AIM OF THE TASK: Extract the records in full, leaving every picture out.

Scraped caption text data:
__________

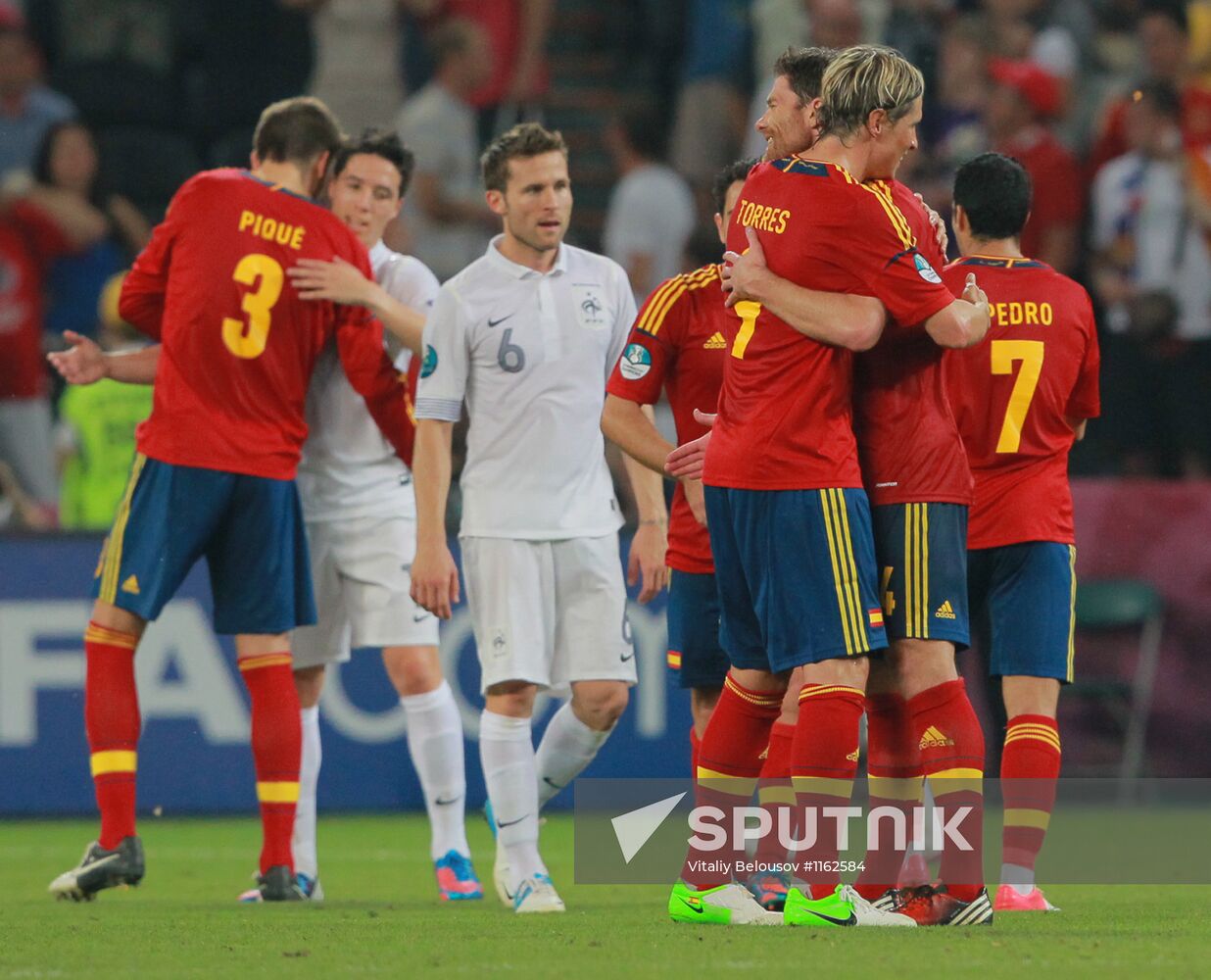 UEFA Football Euro 2012. Spain vs. France
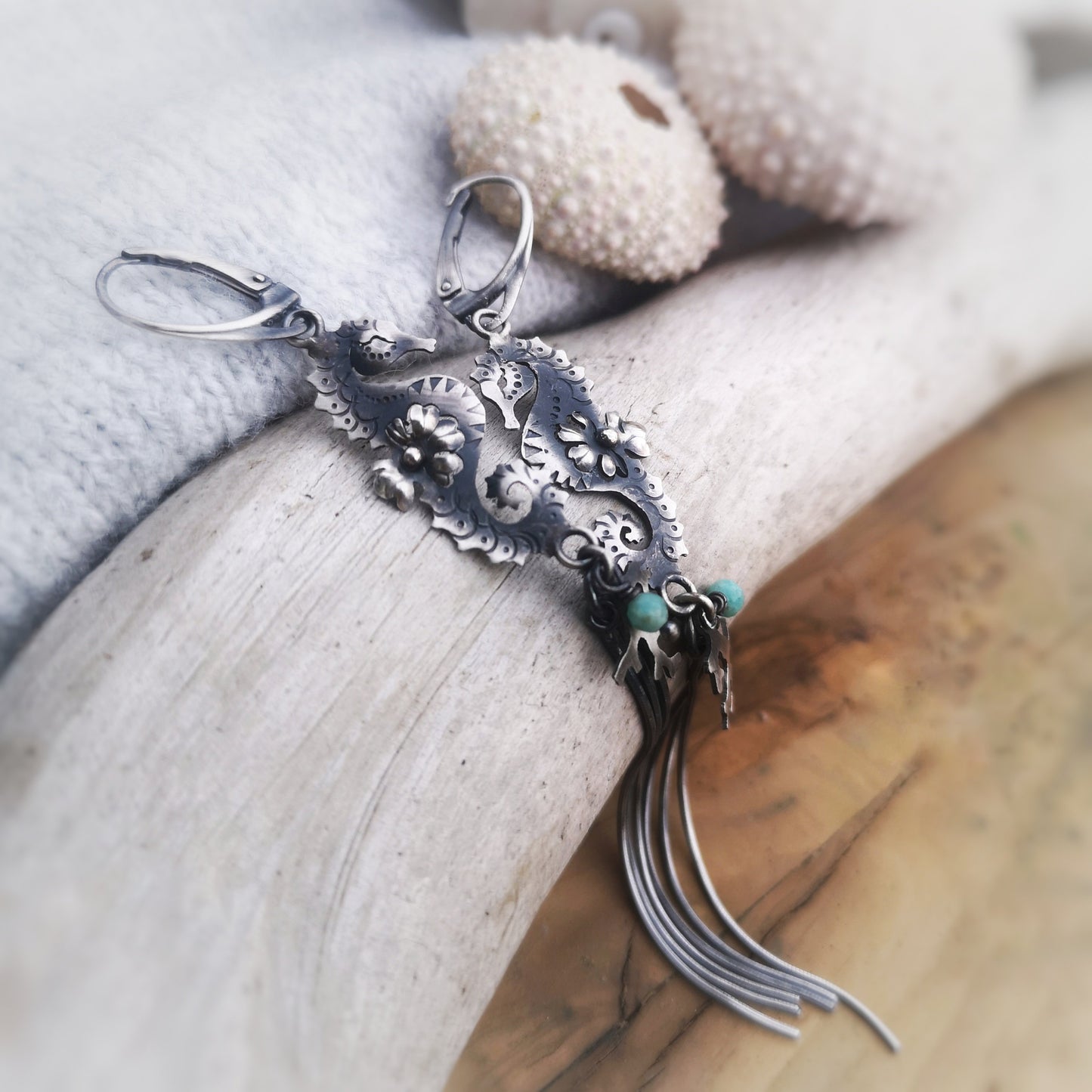 The Seahorse Tassel Earrings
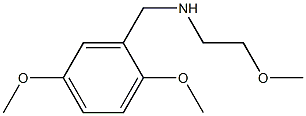 [(2,5-dimethoxyphenyl)methyl](2-methoxyethyl)amine 结构式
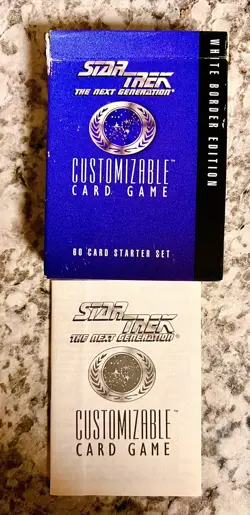 Star Trek The Next Generation CCG 1E White Border 1994 Lot Of 142 Cards + Box - Image 2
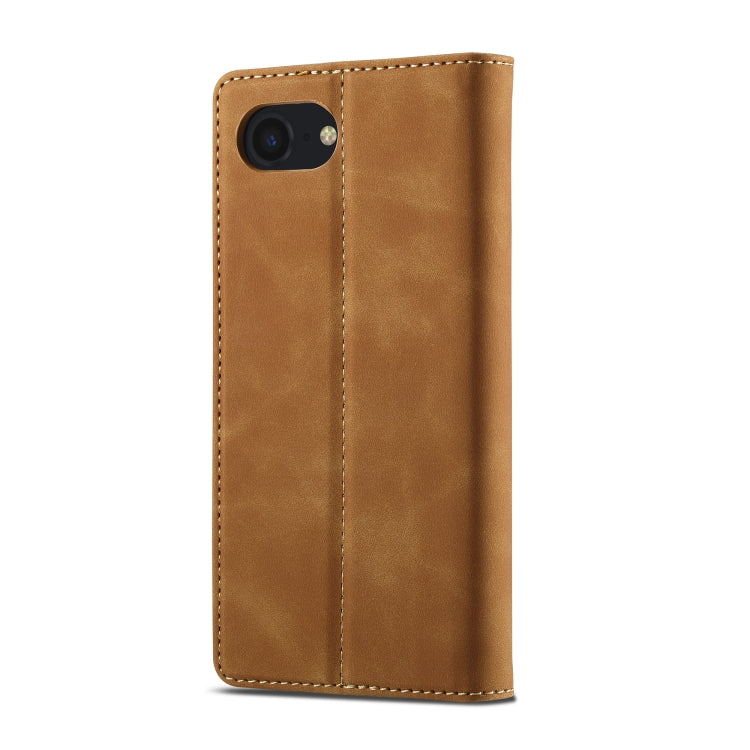 For iPhone 17e / 16e LC.IMEEKE Strong Magnetism Microfiber Leather Phone Case(Brown) - HoMEdemic™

__________

EXERCISE RESPONSE:
 UEFA Football Euro 2012. Spain vs. France
 The Seahorse Tassel Earrings
 [(2,5-dimethoxyphenyl)methyl](2-methoxyethyl)amine 结构式
 Star Trek The Next Generation CCG 1E White Border 1994 Lot Of 142 Cards + Box - Image 2
 For iPhone 17e / 16e LC.IMEEKE Strong Magnetism Microfiber Leather Phone Case(Brown) - HoMEdemic™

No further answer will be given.